**RAW DATA**
++++++++
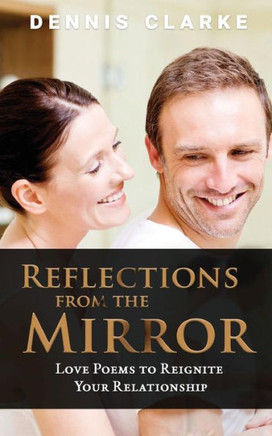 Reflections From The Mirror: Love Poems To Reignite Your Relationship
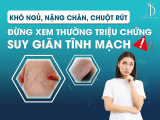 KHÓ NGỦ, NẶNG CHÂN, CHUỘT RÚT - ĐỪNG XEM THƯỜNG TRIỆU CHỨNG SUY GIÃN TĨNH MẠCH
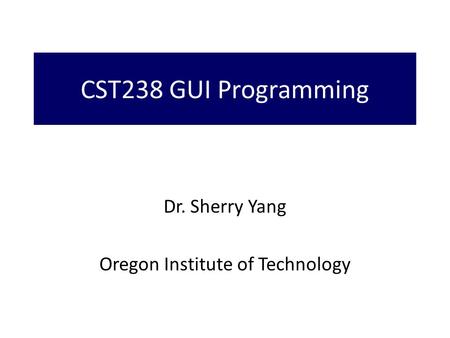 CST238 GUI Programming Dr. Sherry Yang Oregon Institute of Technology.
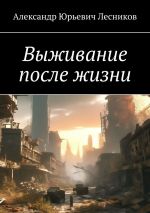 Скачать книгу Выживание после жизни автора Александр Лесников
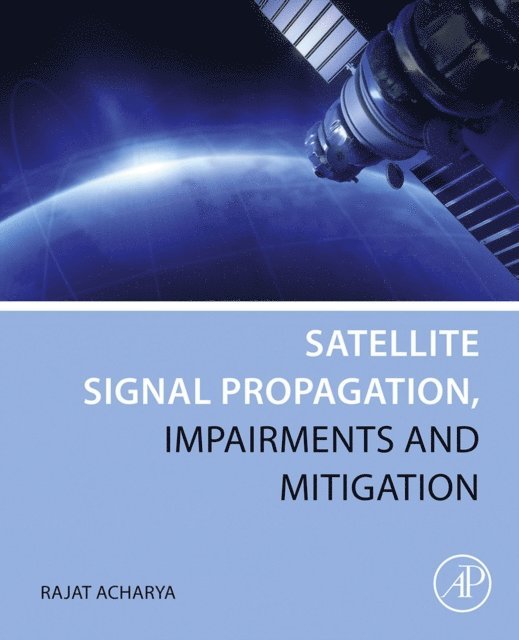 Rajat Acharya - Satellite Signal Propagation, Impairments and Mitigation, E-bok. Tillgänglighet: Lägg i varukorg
++++++++
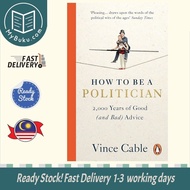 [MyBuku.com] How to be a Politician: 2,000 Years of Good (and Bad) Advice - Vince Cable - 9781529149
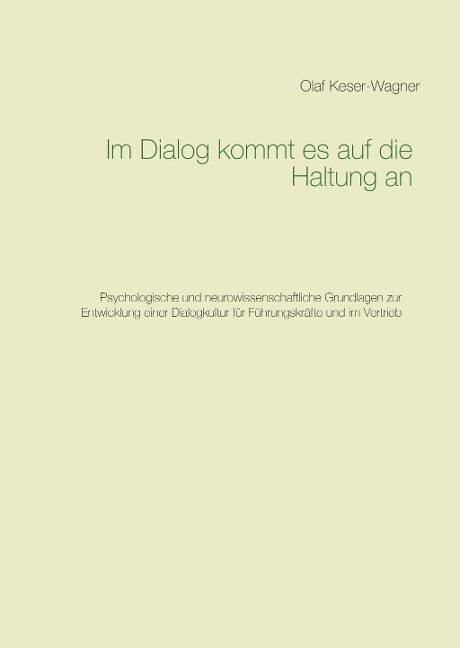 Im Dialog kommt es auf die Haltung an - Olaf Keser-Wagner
++++++++
**TASK DESCRIPTION**
Starting at the line with "CST238 GUI Programming" in the entries above, write out every line exactly until the line with "Rajat Acharya - Satellite" has been written. Include no pictures and nothing more.

**EXPECTED ANSWER**
 CST238 GUI Programming Dr. Sherry Yang Oregon Institute of Technology.
 Скачать книгу Выживание после жизни автора Александр Лесников
 Rajat Acharya - Satellite Signal Propagation, Impairments and Mitigation, E-bok. Tillgänglighet: Lägg i varukorg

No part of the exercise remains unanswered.